Yahoo! does not index https:// pages (port 443 secure).
http://help.yahoo.com/help/us/ysearch/deletions/deletions-03.html
Hi Chris, thanks for the reply. That's what I saw on their help page, but I have received conflicting information. I contacted someone from Yahoo and still waiting for confirmation. I am also trying to look at the access logs for the yahoo spider but unforunately it will take a few days for me to have access.
Chris_D
01-05-2006, 11:02 PM
I think you'll find that Yahoo! will generally only 'index' a secure page, where the request for a non secure variant uses a 302 temporarily moved to redirect to the secure variant.
e.g.

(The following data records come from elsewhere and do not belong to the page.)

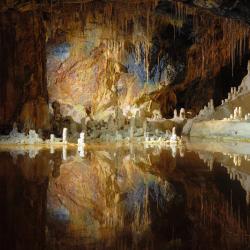 萨尔费尔德 3家浪漫度假酒店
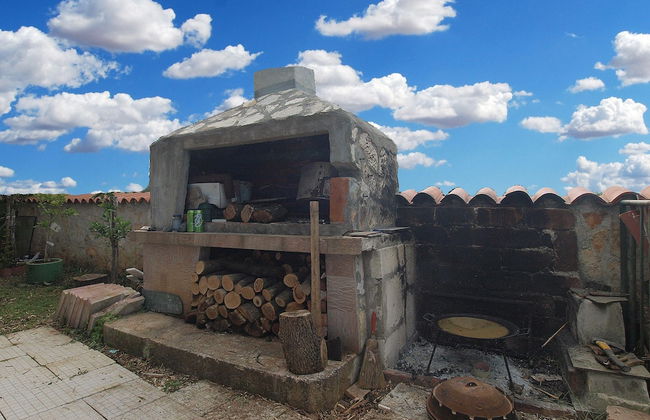 Apartment 1665 - Photo 30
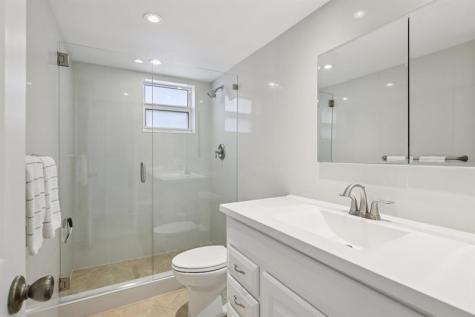 3031 NE 51st Street Fort Lauderdale FL 33308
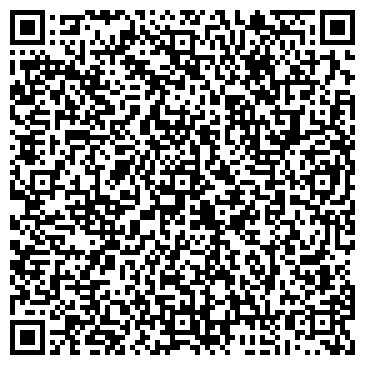 QR-код с контактной информацией организации ООО "Укримпексгрупп"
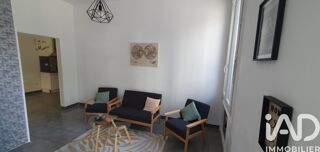  Maison � vendre 4 pi�ces 92 m�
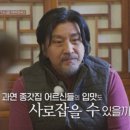 러브스토리 이미지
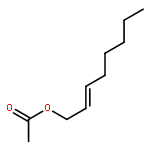 1,1'-(1,6-HEXANEDIYL)BIS(3-BENZYL-1-AZONIABICYCLO[2.2.2]OCTANE) D<WBR />ICHLORIDE 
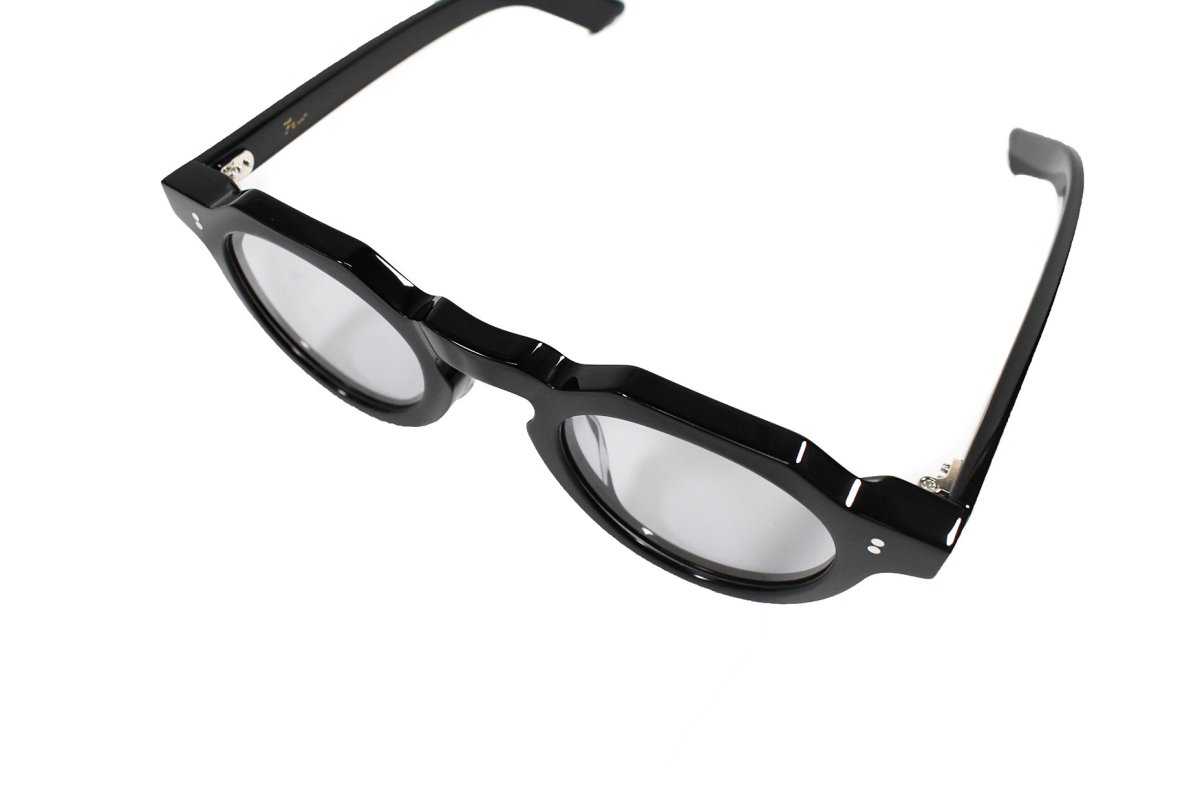 画像2: FEW F5 C-1 Black (2)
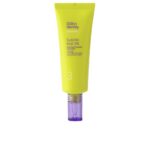 Skin Generics Id Skin Crema Gel Con Acido Succinico Mattifica Equilibrio Quotidiano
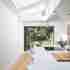 Robert_Rhodes_Architecture_Interiros-JBWNW8DKXOJ8320JBWNW8DKXOJ8320_Robert_Rhodes_Architecture_-_Finchley_Park_-_17_2MB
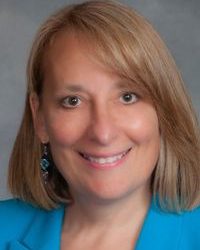 Lori A. Ehrlich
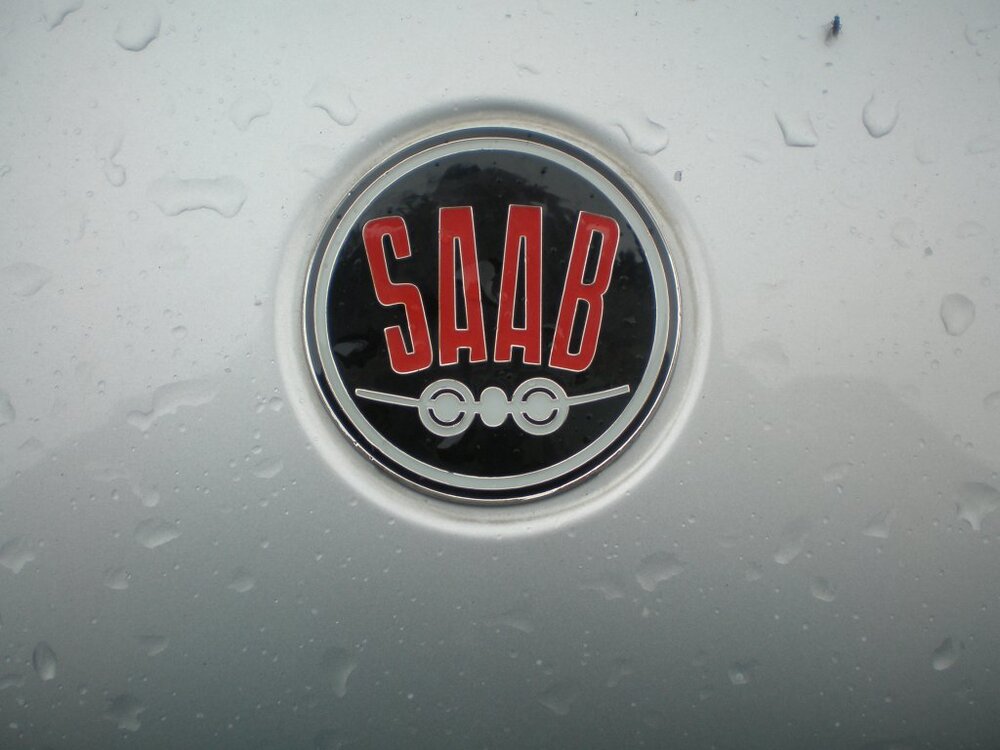 Emblem1.thumb.jpg.58bc401a63fbf8fcd8dcf3332807bf38.jpg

Try this search:
http://search.yahoo.com/search?p=https%3A%2F%2Fwww.bnz.co.nz%2FInternet_Ba nking%2F1%2C1184%2C10-144-579%2C00.html
Now try this search:
http://search.yahoo.com/search?p=http%3A%2F%2Fwww.bnz.co.nz%2FInternet_Ban king%2F1%2C1184%2C10-144-579%2C00.html
The http version of the page gets indexed. Remember - Yahoo doesn't show http:// in the serps.
The http pages gives a 302 redirection to the https page (which means - index the requested URL {http://} - but with the content of the 302 target page).
The http page therefore gets indexed with the content of the https:// page. If you click on the link in the serps you'll get 302'd to the secure page - making it appear that the secure page itself was indexed.
PM me the url you are inquiring about & I'll have a look.
Also - many other https:// pages also use robots.txt or meta robots where they don't want a site indexed.